Source data:

--- START ---

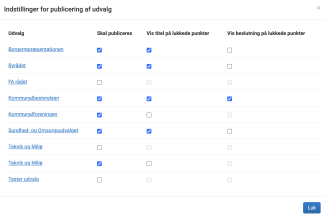 Rediger i hvilke udvalg der skal publiceres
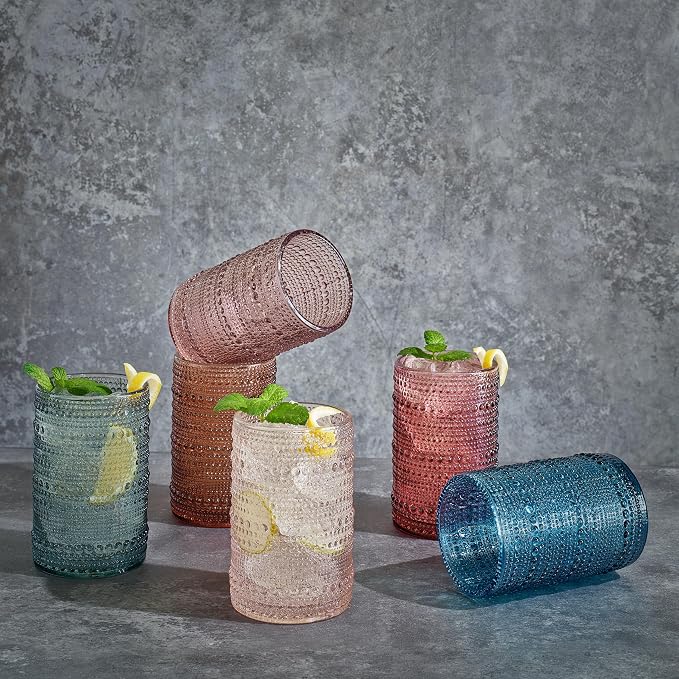 Khen Beaded Highball Drinking Tumbler Set | Set of 6 | Holiday Decor Vintage Hobnail 12 OZ Muted Bubble Design Whiskey Glassware, Old-Fashioned, Embossed Design Glass for Water Wine, Cocktail - Image 3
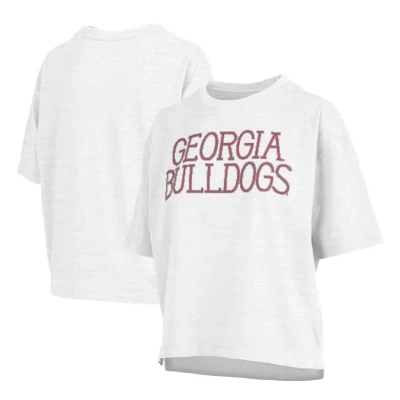 Pressbox White Georgia Bulldogs Motley Crew Chain Stitch Slub Waist Length Boxy T-shirt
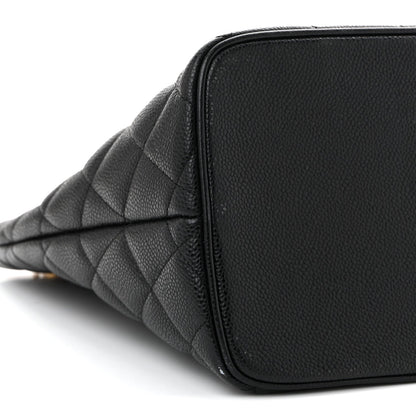 Caviar Quilted Medallion Tote Black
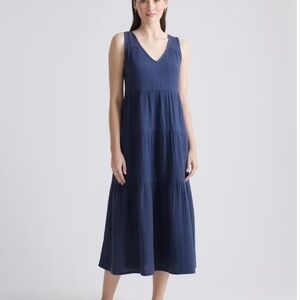 Quince Indigo Blue 100 % Organic Cotton Gauze Tiered Maxi Dress sz XS Sleeveless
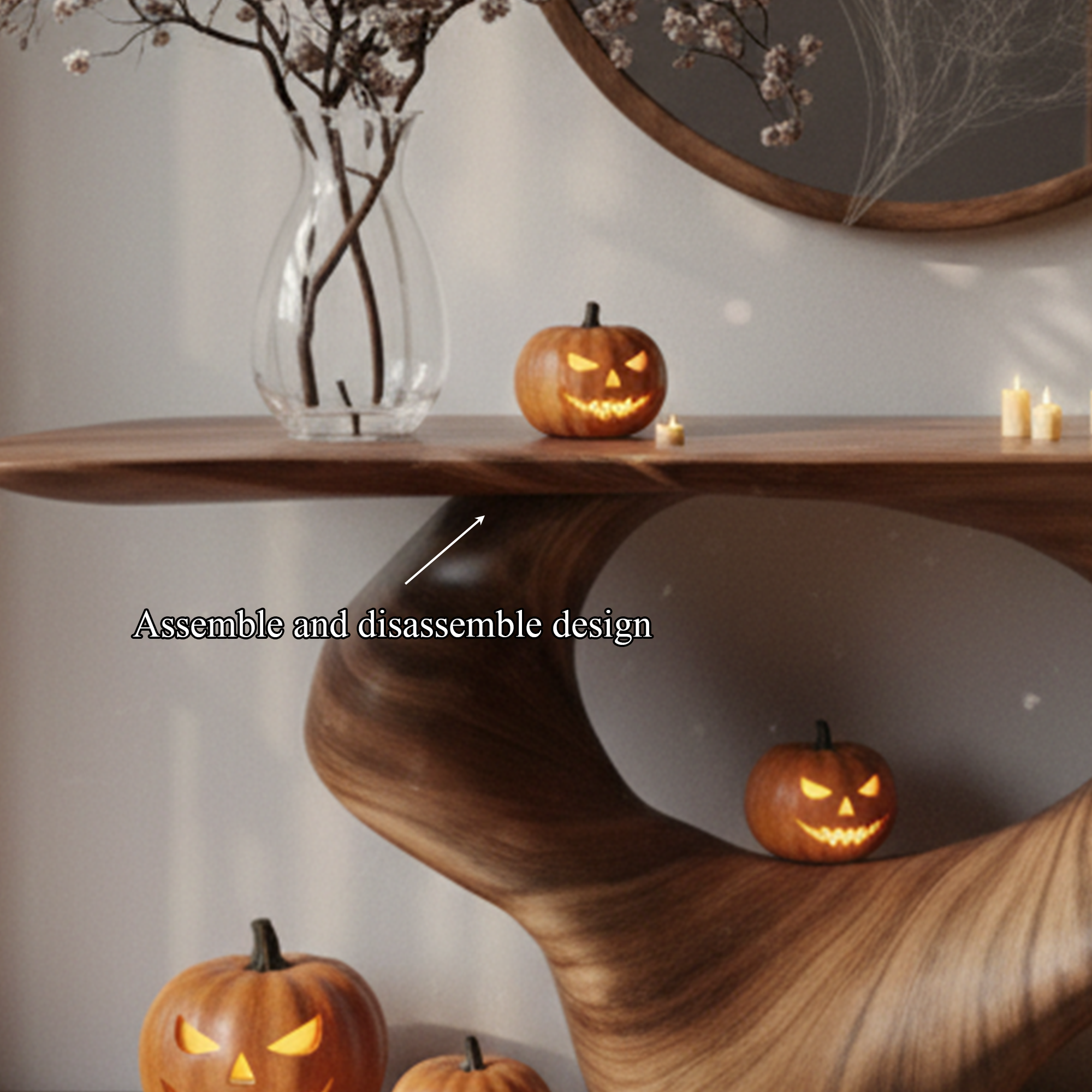 Halloween Mid Century Entryway Table Living Room SINLKIHW030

--- END ---

#### Work instructions:
This task asks for the data above repeated exactly, without a single picture.

#### Output for this task:
 Rediger i hvilke udvalg der skal publiceres
 Khen Beaded Highball Drinking Tumbler Set | Set of 6 | Holiday Decor Vintage Hobnail 12 OZ Muted Bubble Design Whiskey Glassware, Old-Fashioned, Embossed Design Glass for Water Wine, Cocktail - Image 3
 Pressbox White Georgia Bulldogs Motley Crew Chain Stitch Slub Waist Length Boxy T-shirt
 Caviar Quilted Medallion Tote Black
 Quince Indigo Blue 100 % Organic Cotton Gauze Tiered Maxi Dress sz XS Sleeveless
 Halloween Mid Century Entryway Table Living Room SINLKIHW030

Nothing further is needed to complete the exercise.